* **Exercise instructions**:
Leave every picture out, and print the full listing again exactly.

* **Given information**:
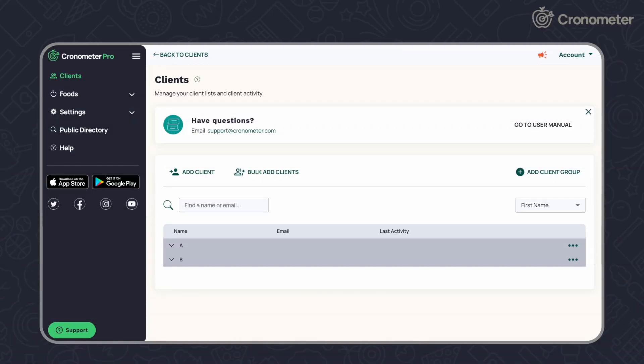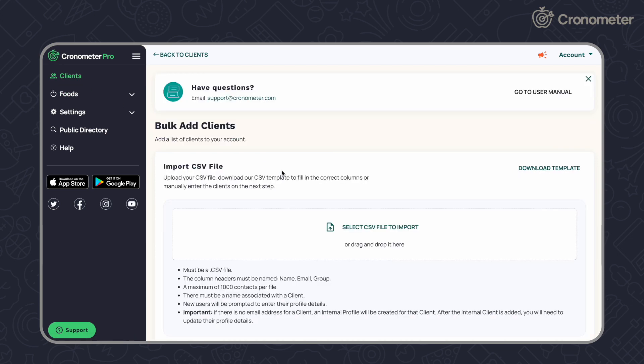In our latest Chronometer Pro release, we've introduced the ability to add multiple clients at once. To get started, navigate to your Clients page and click Bulk Add Clients.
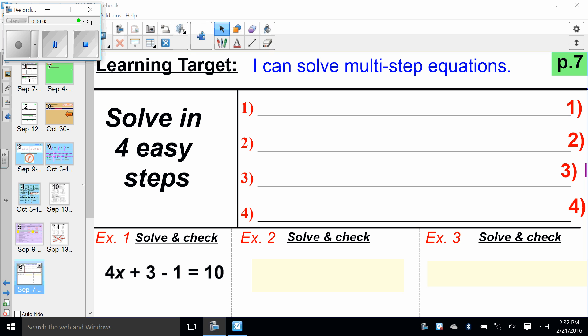Hey, eighth grade. Our learning target today is: I can solve a multi-step equation. We're going to use the hand method, which most of you are getting pretty good at. But we have some steps to take care of before the hand method kicks in. So four easy steps.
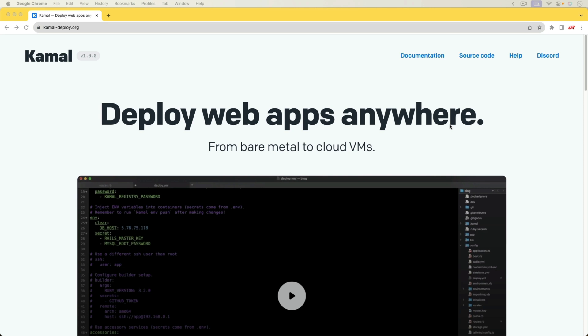Kamal, formerly known as Maersk, is a deployment utility that will allow you to deploy your Ruby on Rails application.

* **Reply to the exercise**:
In our latest Chronometer Pro release, we've introduced the ability to add multiple clients at once. To get started, navigate to your Clients page and click Bulk Add Clients.
Hey, eighth grade. Our learning target today is: I can solve a multi-step equation. We're going to use the hand method, which most of you are getting pretty good at. But we have some steps to take care of before the hand method kicks in. So four easy steps.
Kamal, formerly known as Maersk, is a deployment utility that will allow you to deploy your Ruby on Rails application.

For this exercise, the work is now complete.